▶ [Source material]
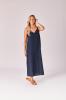 LaLotti_Greece_bain_soleil_navy_Hilnetta_s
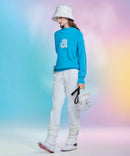 여성용 카트 가방 Archivio 2025 가을/겨울 새 골프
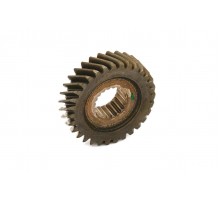 Шестерня КПП - 5-й передачи на Renault Logan II 2012 - Renault (Оригинал) - 8200607981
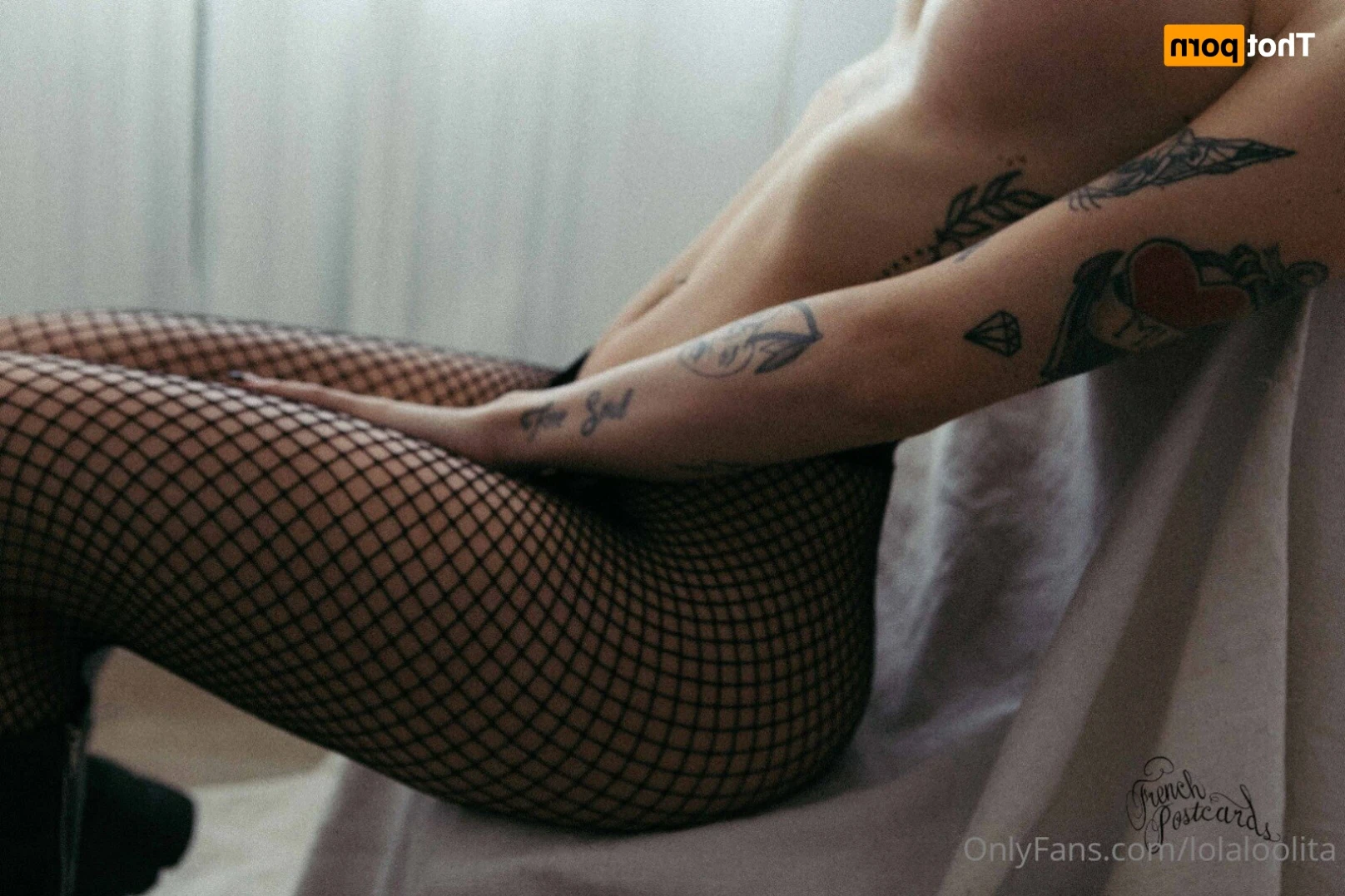 Cleos🦶🏻🍑❤️ [ cleos8 ] Onlyfans leaked photo 16424556 on Hotleaks.tv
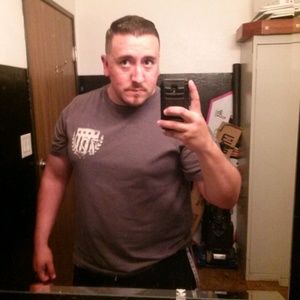 Meet your Posher, Hector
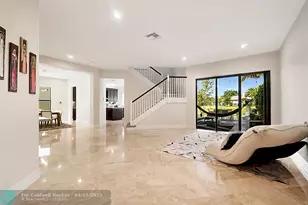 16621 Germaine Dr, Delray Beach, FL 33446 - Photo 2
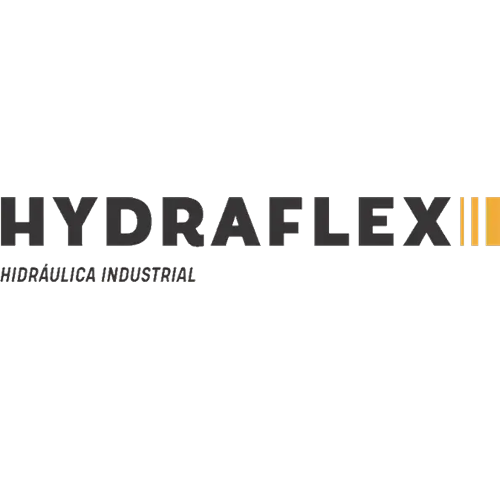 Logotipo da empresa HYDRAFLEX TRAINING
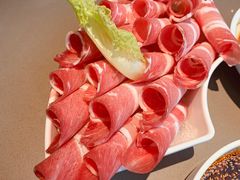 -享月汤皇·海鲜小火锅·聚会(曲江创意谷店)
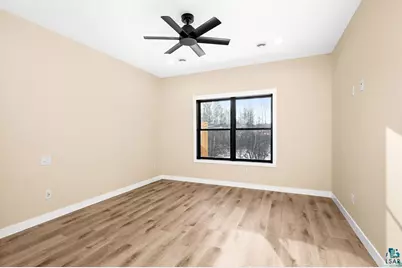 1560 Carlton Ave W #1560, Cloquet, MN 55720 - Photo 19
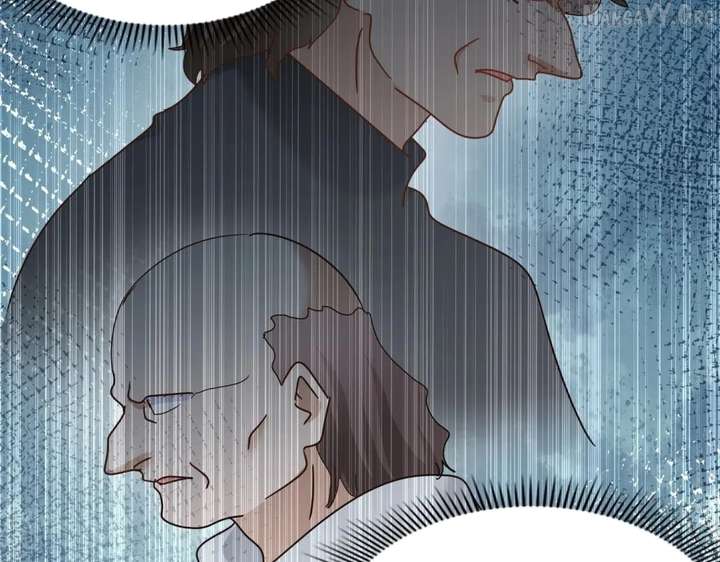 Don’t Embarrass Me Chapter 176 - Page 6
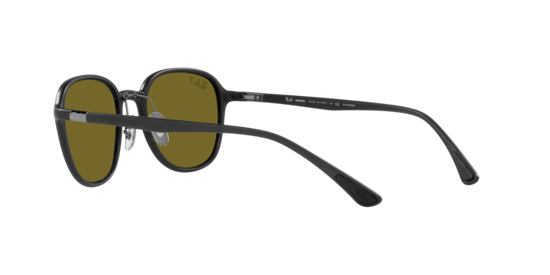 Ray-Ban Sunglasses RB4341CH 601SA1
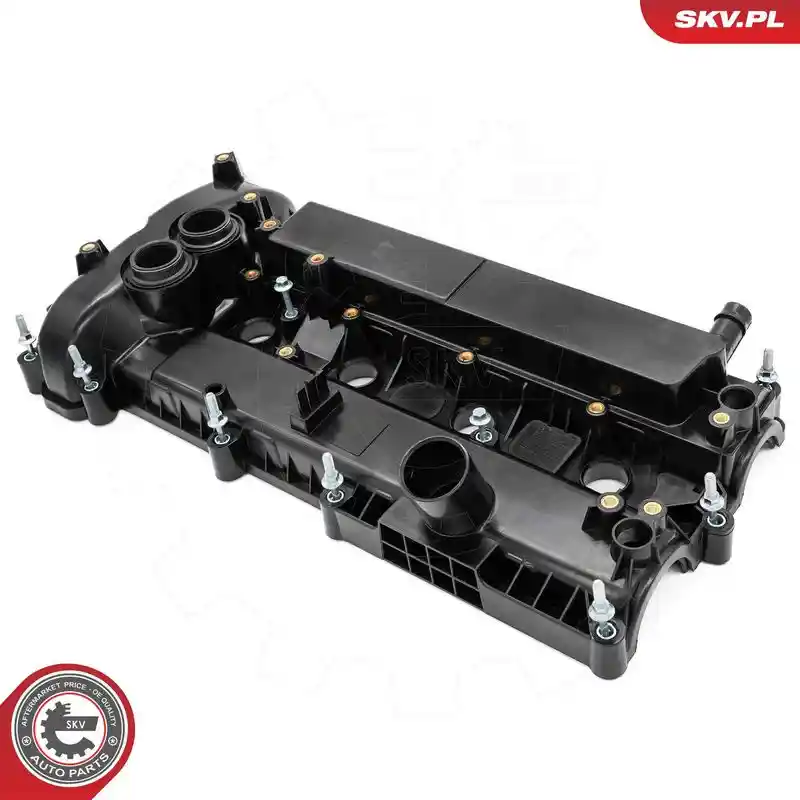 ESEN SKV 48SKV112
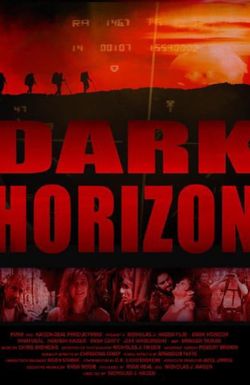 Dark Horizon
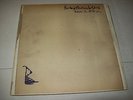 BABYSHAMBLES : Down In Albion ORIGINAL 2005 UK 2 LP VINYL THE LIBERTINES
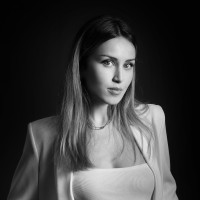 Shanèze Martel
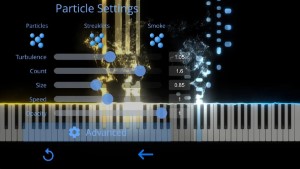 seemusic（2）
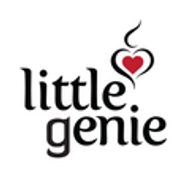 Little Genie Productions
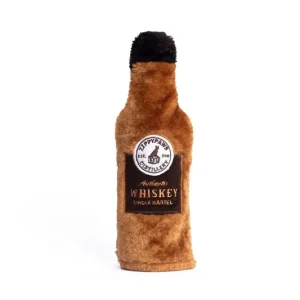 Objednat Nyní ZippyPaws Happy Hour Crusherz – Whiskey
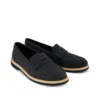 Damen-Loafer „Marie“ Damen-Loafer „Marie“
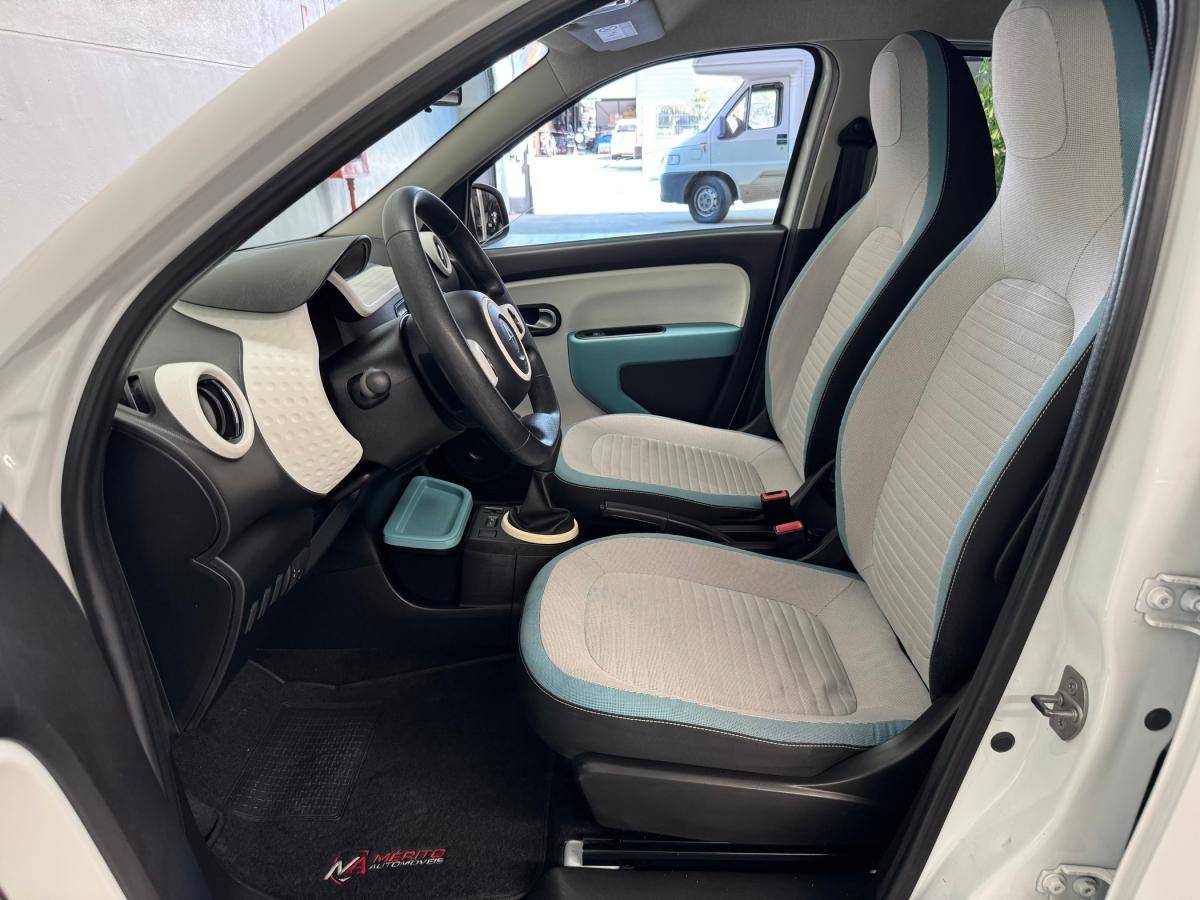renault-twingo-2014-gasolina-999cc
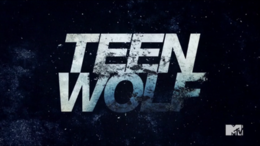 260px-Teen_Wolf_Intertitle.png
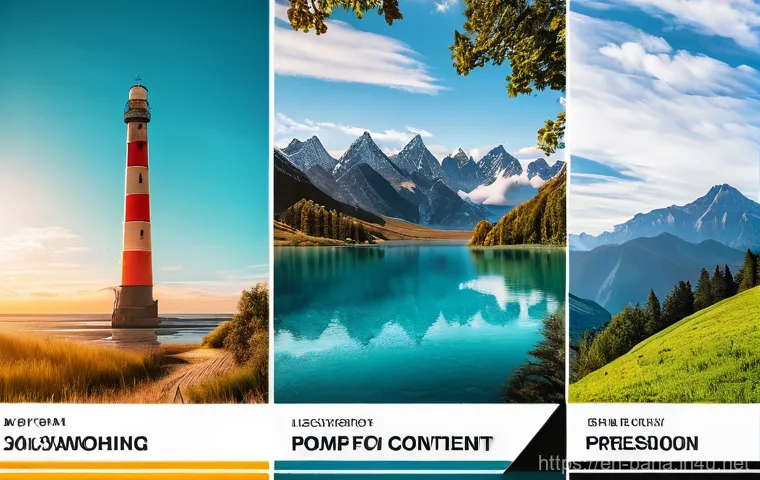 비즈니스 애널리스트 연봉 분석 - Here are three detailed image prompts in English, designed to generate professional and appropriate ...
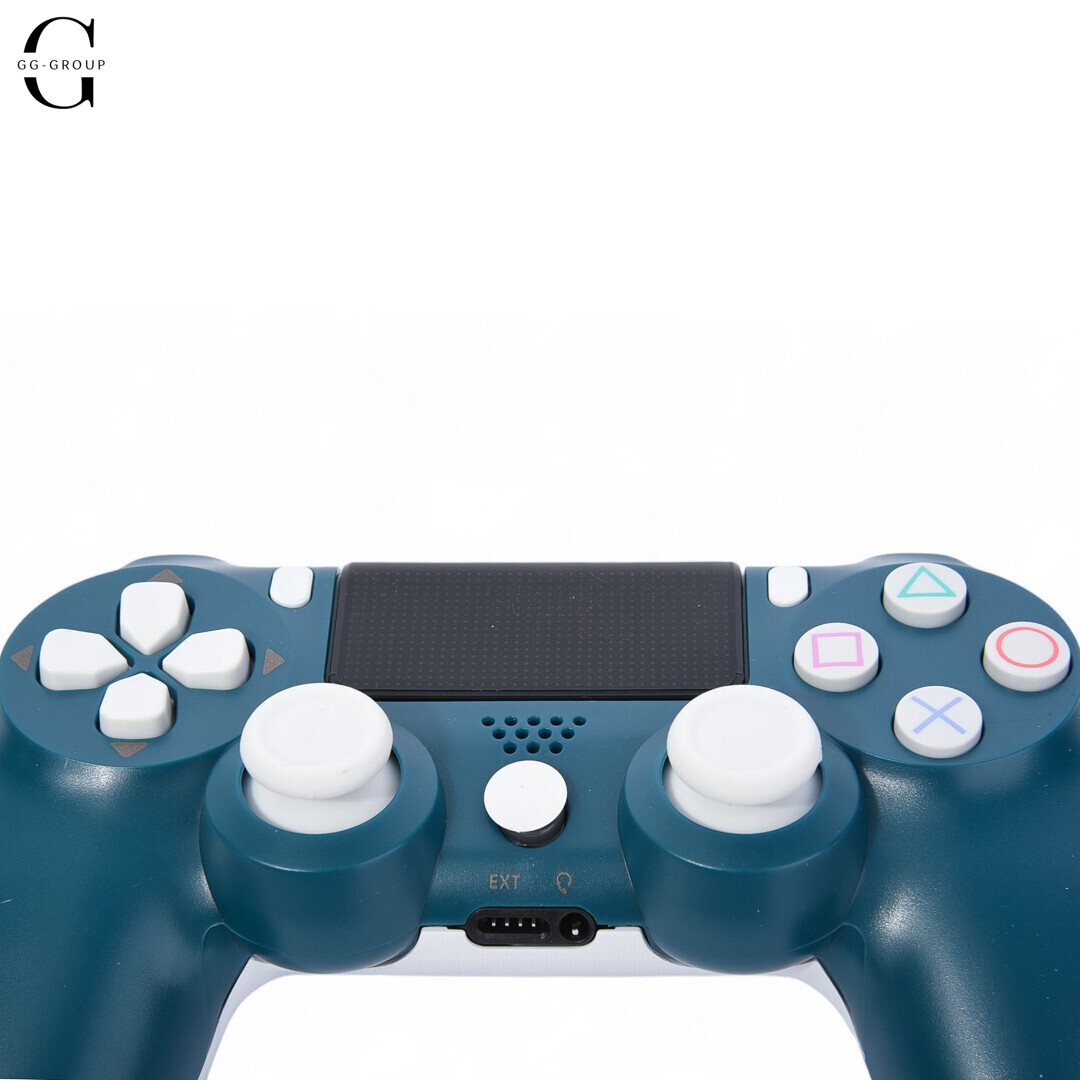 Джойстик DualShock PS4 RD-00-25 высокого качества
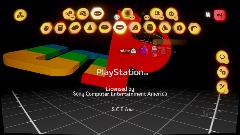 Remix of PlayStation 1 Startup (PS1/PSX)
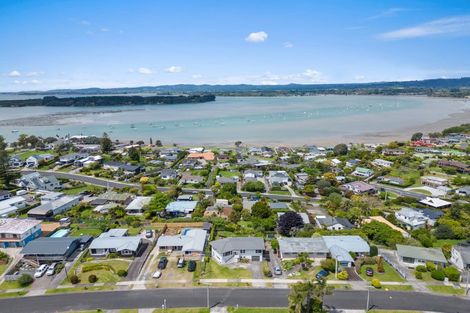 Photo of property in 29 Vivian Drive, Omokoroa, 3114
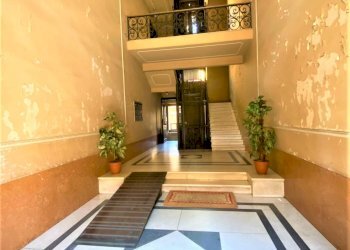 Foto 31 - Appartamento via m addalena, Cagliari - foto 31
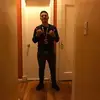 Gerson Escobar - @gersonescobar05 - TikTok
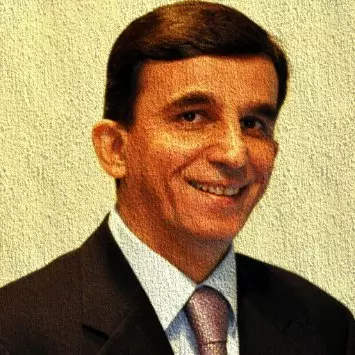 Mustafa Sasal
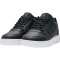 hummel St. Power Play Sneaker black 44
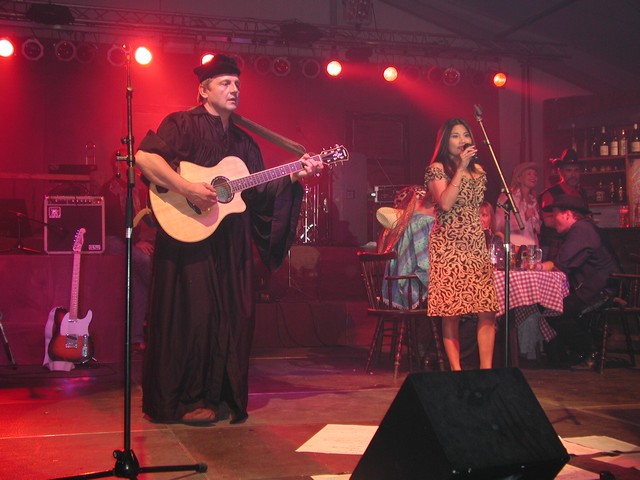 kinski-ruela-fest-97.jpg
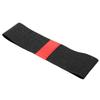 Golf Hand Movement Correction Belt, Swing Elastic Belt, Arm Corrector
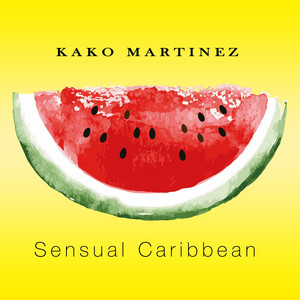 Sensual Caribbean (Radio Version)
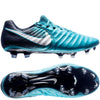 Tiempo Legend 7 FG ICE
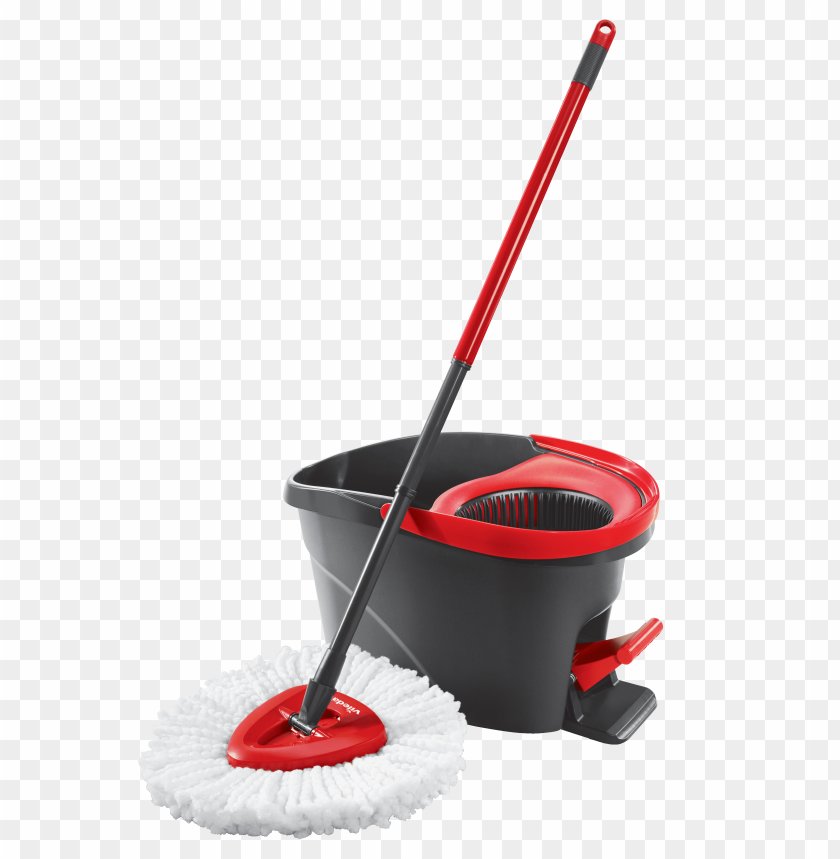 mop png, mop,png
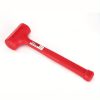 4e5b638c691c4c6e8525e071af06cbcc goods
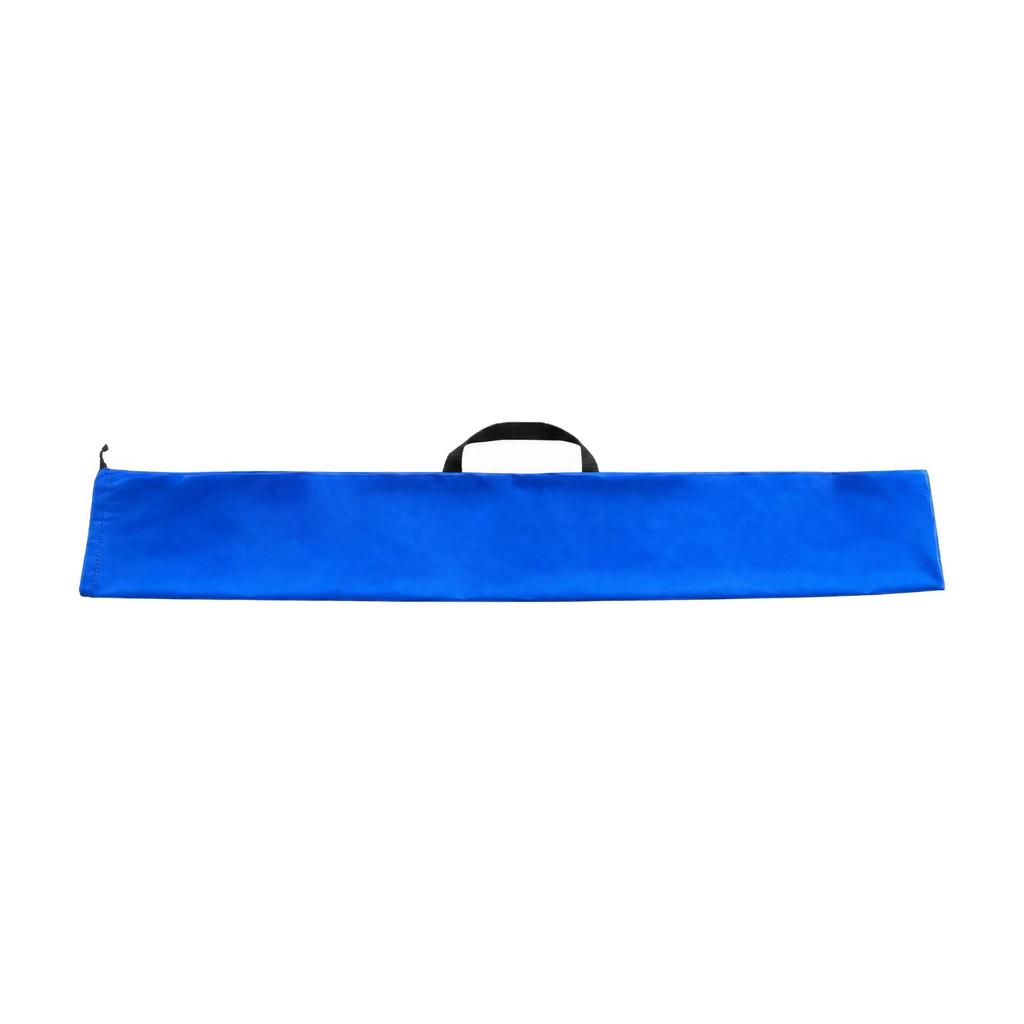 Patio Umbrella Storage bag WaterResistant Outdoor Cover Waterproof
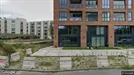 Apartment for rent, Haarlem, North Holland, <span class="blurred street" onclick="ProcessAdRequest(15272722)"><span class="hint">See streetname</span>[xxxxxxxxxxxxx]</span>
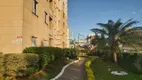Foto 25 de Apartamento com 2 Quartos à venda, 70m² em Limão, São Paulo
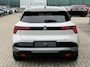 Mitsubishi Eclipse Cross Intense+ 87 kWh | Van: € 48.529,- nu rijklaar voor: € 45.529,-!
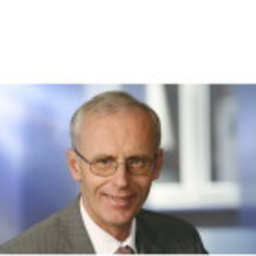 Dr. Klaus Fertig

▶ [Task objective] Quote the lines above exactly, starting with the one that has "Logotipo da empresa HYDRAFLEX TRAINING" and ending with the one that has "Patio Umbrella Storage"; drop the pictures and include nothing else.

▶ [Finished exercise]
 Logotipo da empresa HYDRAFLEX TRAINING
 -享月汤皇·海鲜小火锅·聚会(曲江创意谷店)
 1560 Carlton Ave W #1560, Cloquet, MN 55720 - Photo 19
 Don’t Embarrass Me Chapter 176 - Page 6
 Ray-Ban Sunglasses RB4341CH 601SA1
 ESEN SKV 48SKV112
 Dark Horizon
 BABYSHAMBLES : Down In Albion ORIGINAL 2005 UK 2 LP VINYL THE LIBERTINES
 Shanèze Martel
 seemusic（2）
 Little Genie Productions
 Objednat Nyní ZippyPaws Happy Hour Crusherz – Whiskey
 Damen-Loafer „Marie“ Damen-Loafer „Marie“
renault-twingo-2014-gasolina-999cc
 260px-Teen_Wolf_Intertitle.png
 비즈니스 애널리스트 연봉 분석 - Here are three detailed image prompts in English, designed to generate professional and appropriate ...
 Джойстик DualShock PS4 RD-00-25 высокого качества
 Remix of PlayStation 1 Startup (PS1/PSX)
 Photo of property in 29 Vivian Drive, Omokoroa, 3114
 Foto 31 - Appartamento via m addalena, Cagliari - foto 31
 Gerson Escobar - @gersonescobar05 - TikTok
 Mustafa Sasal
 hummel St. Power Play Sneaker black 44
 kinski-ruela-fest-97.jpg
 Golf Hand Movement Correction Belt, Swing Elastic Belt, Arm Corrector
 Sensual Caribbean (Radio Version)
 Tiempo Legend 7 FG ICE
 mop png, mop,png
 4e5b638c691c4c6e8525e071af06cbcc goods
 Patio Umbrella Storage bag WaterResistant Outdoor Cover Waterproof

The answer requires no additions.